Argumentaram que agricultor é quem produz da terra. Ara, planta, cultiva, capina, colhe e comercializa. Também cria aves, suínos ou bovinos, usando de recursos simples ou tecnificados para engordar os animais. Enfim, agricultor é quem extrai da terra e de outros recursos naturais para produzir alimentos.

Como ainda ele permanecesse escorado no cabo do enxadão, com um jeito de não ligar para nada daquilo que lhe dissessem, sofisticaram a conversa. Disseram da preocupação mundial sobre a segurança alimentar, que o mundo inteiro estava com os olhos no campo para garantir que o agricultor produzisse bem e melhor. E ele, portanto, era um agricultor.

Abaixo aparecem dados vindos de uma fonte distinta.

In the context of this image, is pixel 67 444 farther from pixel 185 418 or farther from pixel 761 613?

- Vieram aqui uns técnicos e disseram a mesma coisa. Colocaram uns reparos aqui e ali das coisas que eu estou fazendo. Mas o agricultor aqui é o patrão. Eu só tomo conta. Faço de tudo, até conserto a cerca quando preciso. Aro a terra, planto, cuido, colho. Que comercializa é o patrão.

Assim se foi mais um 28 de julho, Dia do Agricultor. No Norte do Paraná fez sol de verão, com os termômetros em 25 graus centígrados lá pelas quatro da tarde. Amanheceu com um ventinho frio e as nuvens enganaram até por volta das nove da manhã, com um jeitão de chuva.

Café da manhã, almoço, lanche da tarde e janta. Tudo teve um pouco do conhecimento do homem escorado no cabo do enxadão. Aquele que faz tudo, mas não se considera um agricultor.